2.) Eine Senkung der Mehrwertsteuer kommt einer 'Gießkanne' gleich, die auch wohlhabende Individuen begünstigt. Tatsächlich profitieren von einer solchen Maßnahme alle Bevölkerungsschichten, einschließlich der Reichen. Allerdings sollte man nicht vergessen, dass die relative Entlastung für ärmere Menschen weitaus größer ist. Der Grund dafür ist, dass ärmere Haushalte im Verhältnis zu ihrem Einkommen einen größeren Anteil ihres Einkommens für indirekte Steuern ausgeben als reichere Haushalte (Isaak et al., 2021). Diese relative Verschiebung wird in der folgenden Grafik deutlich dargestellt:

Abb. 2: Die relative Abgabenlast nach Einkommensverteilung
© Quelle: Isak et al. 2021

Im Zuge der überproportional gestiegenen Preise der Lebensmittel im Vergleich zum allgemeinem Verbraucherpreisindex, ist es nicht verwunderlich, dass sich die mediale Debatte seit 2023 vorallem auf die Frage der MwSt. auf Lebensmittel konzentriert.

Abb. 3: Entwicklung allgemine Verbraucherpreise und Nahrungsmittelpreise
© Quelle: Destatis Verbraucherpreisindex allgemein und Verbraucherpreisindex für Nahrungsmittel, eigene Darstellung

Dennoch lässt sich festhalten, dass die Diskussion um indirekte Steuern in den Medien eher wenig Raum einnimmt und sich auf die Frage der MwSt. auf Lebensmittel konzentriert.

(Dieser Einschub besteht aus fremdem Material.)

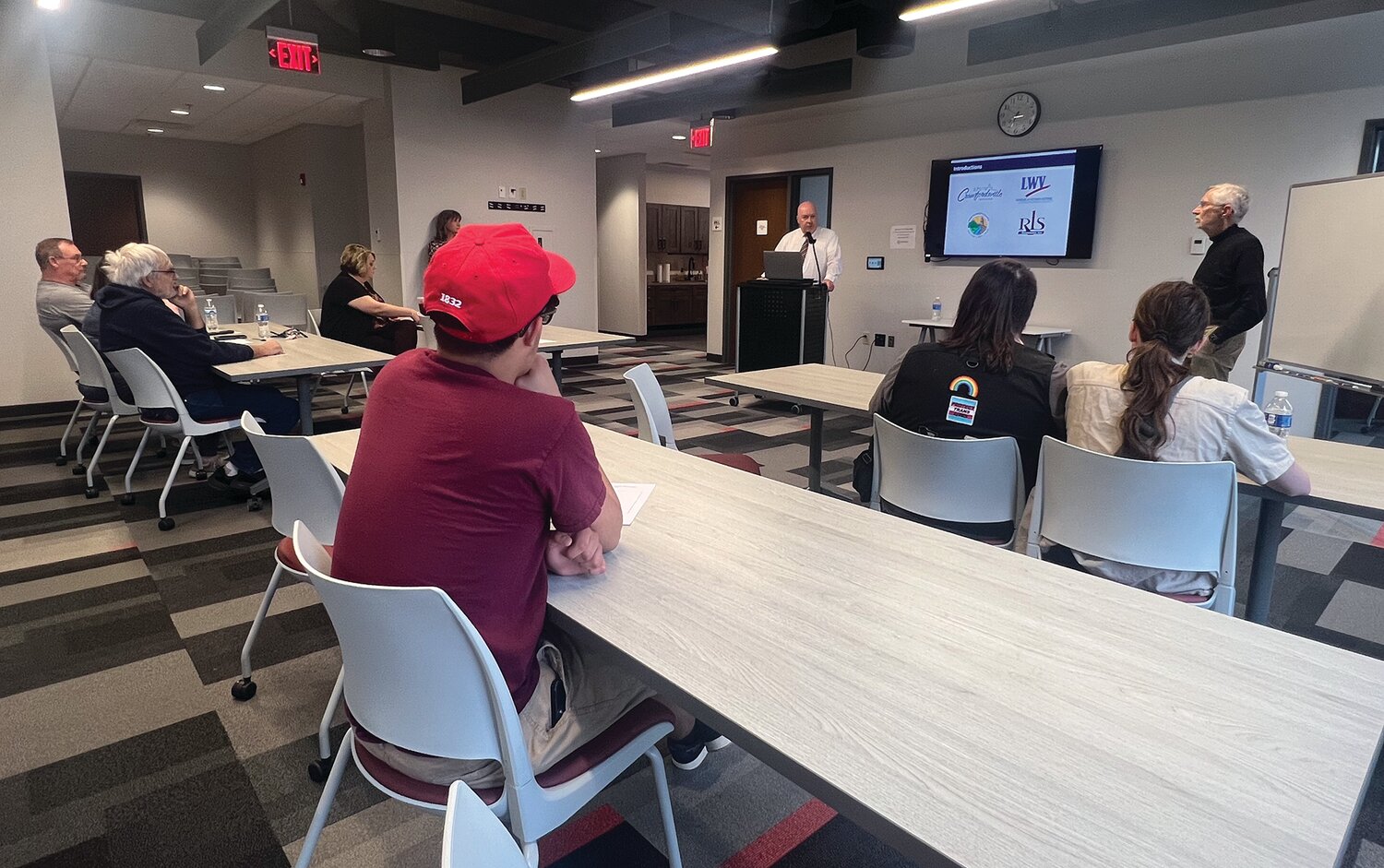 The city conducted a forum for input on public transportation Wednesday at the Fusion 54 building.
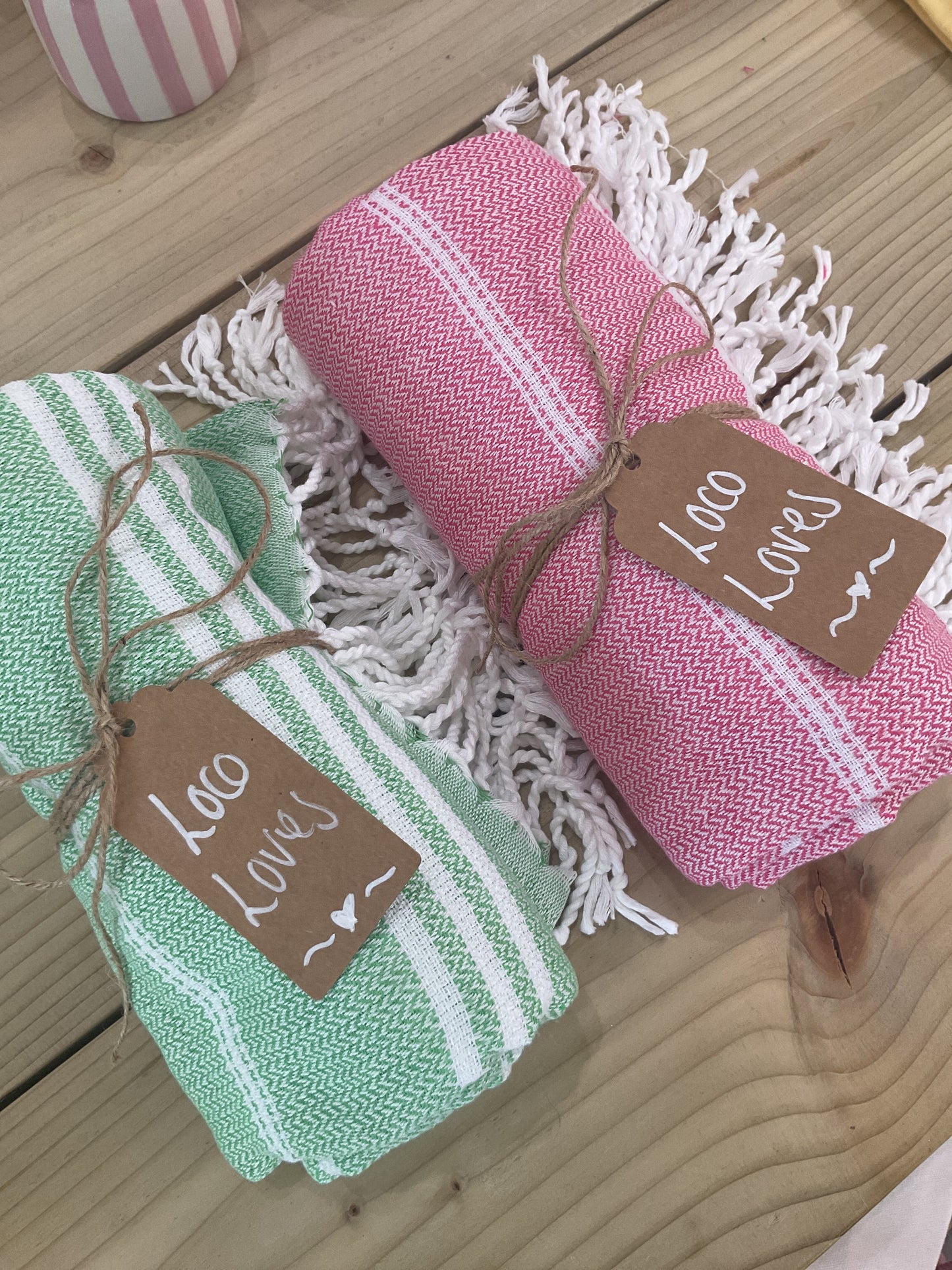 Cotton Turkish Towel / Blanket - Magenta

Dabei könnte eine Reduzierung der Mehrwertsteuer als praktische Lösung dienen, um finanziell weniger gut gestellte Haushalte zu entlasten und sicherzustellen, dass essenzielle Produkte wie Lebensmittel weiterhin bezahlbar bleiben.

[1] Das BMF gab an, dass diese sich im Jahr 2021 auf ca. 40% beliefen (ohne Gemeindesteuer).